K5’s second film, Get Low, was to prove an even more significant turning point. The company brought pre-sales and equity finance to Aaron Schneider’s $10m period drama set in Tennessee and starring Robert Duvall, Sissy Spacek and Bill Murray. The film was well-received at Toronto 2009 where Sony Pictures Classics picked up domestic rights. “The producer, Dean Zanuck, asked us if we could help package and finance the film and that has moved us more from being a pure sales company to a company that can also package and finance a project with producers,” says Baur.

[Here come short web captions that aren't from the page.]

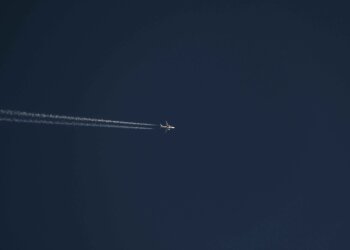 Samolot spadł na teren leśny. Wiadomo, co stało się z pilotem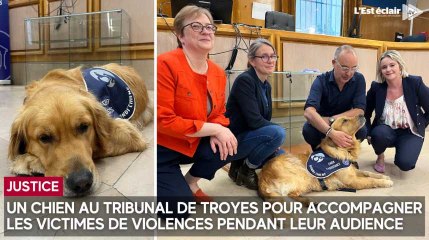 Un chien au tribunal de Troyes pour accompagner les victimes de violences pendant leur audience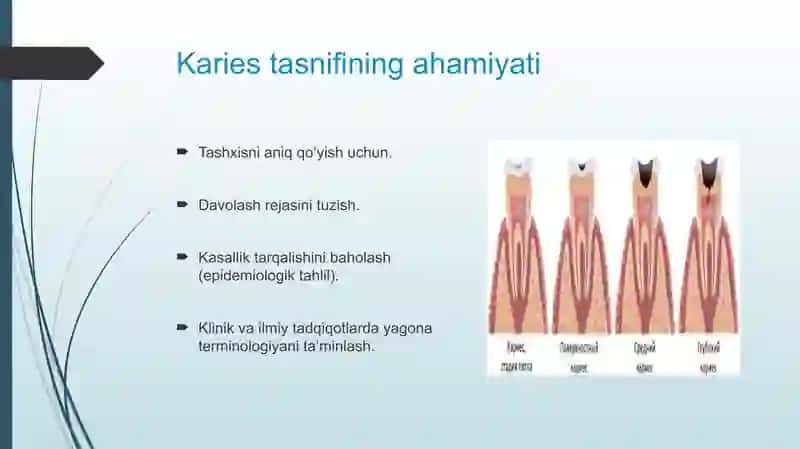 Kariestasniflari 2
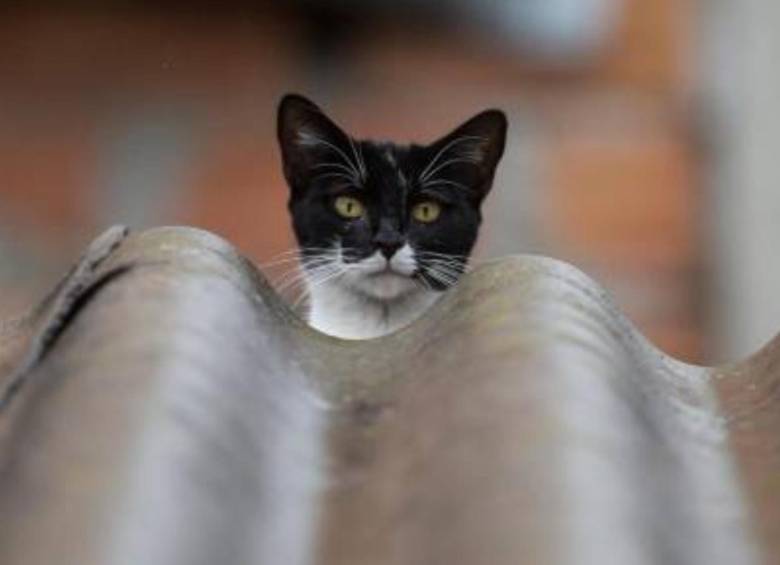 Polonia es el primer país en registrar un “gran número” de gatos infectados por la gripe aviar. FOTO: Archivo EL COLOMBIANO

Last year the company added financing division K5 Media Capital and a new partner in Sascha R Prestel, the former CEO of IM Internationalmedia, to run it. Simon and Baur could focus on development and packaging. “We are becoming more active on the development side,” says Baur, “which makes sense given Oliver’s background and also protects the investors. We now have three divisions — K5 Film, K5 International and K5 Media Capital — and ideally each project will go through all three divisions.”
The expanding slate
For its next slate of films K5 is reteaming with Zanuck on Hideo Nakata’s $15m supernatural thriller Voice From The Stone; it has formed a partnership with Kevin Frakes and Stephan Paternot’s Los Angeles-based Palmstar, the first fruit of which is a film of Bret Easton Ellis’ Lunar Park; and it has signed Shekhar Kapur to direct murder drama The Three Lawrences scripted by Iris Yamashita.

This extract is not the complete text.